Nathaniel Hawthorne said, “Words – so innocent and powerless as they are, as standing in a dictionary, how potent for good and evil they become in the hands of one who knows how to combine them.”

Sigmund Freud said, “Words have a magical power. They can bring either the greatest happiness or deepest despair; they can transfer knowledge from teacher to student; words enable the orator to sway his audience and dictate its decisions. Words are capable of arousing the strongest emotions and prompting all men’s action.”

Rudyard Kipling said, “Words are, of course, the most powerful drug used by mankind.”
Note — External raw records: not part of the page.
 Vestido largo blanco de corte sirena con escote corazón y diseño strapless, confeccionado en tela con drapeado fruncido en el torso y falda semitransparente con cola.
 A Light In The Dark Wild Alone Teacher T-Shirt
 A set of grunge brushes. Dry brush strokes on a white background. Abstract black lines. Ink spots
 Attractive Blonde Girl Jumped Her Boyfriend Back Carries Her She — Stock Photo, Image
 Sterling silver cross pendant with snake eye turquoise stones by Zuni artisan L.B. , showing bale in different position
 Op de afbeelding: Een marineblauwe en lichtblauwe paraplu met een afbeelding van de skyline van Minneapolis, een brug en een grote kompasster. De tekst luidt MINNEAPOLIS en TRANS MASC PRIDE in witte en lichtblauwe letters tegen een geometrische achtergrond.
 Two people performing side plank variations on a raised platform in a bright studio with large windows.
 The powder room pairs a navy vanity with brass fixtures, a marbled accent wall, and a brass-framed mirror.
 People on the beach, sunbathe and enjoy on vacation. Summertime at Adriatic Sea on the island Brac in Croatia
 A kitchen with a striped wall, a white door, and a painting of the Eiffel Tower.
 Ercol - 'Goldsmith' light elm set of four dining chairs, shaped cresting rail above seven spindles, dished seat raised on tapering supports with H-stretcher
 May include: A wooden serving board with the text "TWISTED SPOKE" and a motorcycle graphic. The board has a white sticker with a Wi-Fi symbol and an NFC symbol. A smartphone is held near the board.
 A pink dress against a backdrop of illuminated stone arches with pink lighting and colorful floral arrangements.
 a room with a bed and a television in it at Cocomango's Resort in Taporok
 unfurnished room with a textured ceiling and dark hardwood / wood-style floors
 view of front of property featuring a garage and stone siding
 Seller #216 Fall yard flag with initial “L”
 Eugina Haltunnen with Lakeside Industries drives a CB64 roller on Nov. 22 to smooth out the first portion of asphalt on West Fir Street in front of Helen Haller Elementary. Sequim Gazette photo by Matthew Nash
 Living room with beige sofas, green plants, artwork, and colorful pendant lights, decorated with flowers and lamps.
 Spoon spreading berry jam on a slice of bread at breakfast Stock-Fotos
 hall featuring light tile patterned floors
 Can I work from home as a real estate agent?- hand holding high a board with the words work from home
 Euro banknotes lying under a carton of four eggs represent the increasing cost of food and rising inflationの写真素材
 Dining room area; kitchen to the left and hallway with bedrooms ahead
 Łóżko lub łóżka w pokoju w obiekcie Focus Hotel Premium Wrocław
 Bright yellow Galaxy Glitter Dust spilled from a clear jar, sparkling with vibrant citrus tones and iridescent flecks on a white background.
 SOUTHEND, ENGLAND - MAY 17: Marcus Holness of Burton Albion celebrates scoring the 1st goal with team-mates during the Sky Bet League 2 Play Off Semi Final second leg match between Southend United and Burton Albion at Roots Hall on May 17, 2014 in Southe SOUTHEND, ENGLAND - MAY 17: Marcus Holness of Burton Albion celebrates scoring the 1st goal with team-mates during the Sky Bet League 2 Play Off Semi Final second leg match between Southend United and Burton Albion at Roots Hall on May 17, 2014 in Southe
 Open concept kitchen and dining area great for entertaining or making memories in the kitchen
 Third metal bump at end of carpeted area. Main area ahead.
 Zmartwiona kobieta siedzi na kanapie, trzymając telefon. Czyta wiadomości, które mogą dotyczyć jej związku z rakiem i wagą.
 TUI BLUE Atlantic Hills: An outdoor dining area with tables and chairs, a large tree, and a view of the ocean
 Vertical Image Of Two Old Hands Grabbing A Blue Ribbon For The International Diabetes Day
You, professor, by calling the sheriff’s statement mere hyperbolic rhetoric, bat the words off as if they’re nothing more than 140 troublesome gnats. But more frightening than that is the arrogant manner in which you dismiss any objection to Clarke’s behavior by saying that if we liked him, we would give him the benefit of the doubt. But those of us whom he has offended take it “seriously because they don’t like the guy who’s saying it.” I guarantee that when Michelle Obama or Joe Biden or Hillary Clinton or Anderson Cooper or Warren Buffet say anything this inflammatory, I will be offended. I will not give them the benefit of the doubt. I will object with my strongest language and loudly. But they don’t speak or write in an effort to incite people to do harm or even think violently. That’s the reason I like their politics and the reason I don’t like Clarke’s. I don’t like Clarke’s words because through them he incites contempt and violence. Not the other way around. When you, Professor Volokh, discredit criticism of Sheriff Clarke’s comments, by saying that anyone who takes his words seriously is only doing so because she doesn’t like him, you are taking a weak, condescending, and reprehensible position.

Words aren’t cheap, Professor. They cost, in one form of geld or another. If that weren’t so, I doubt Goebbels, Hitler’s PR man, would have been given a room in the fuehrer’s bunker.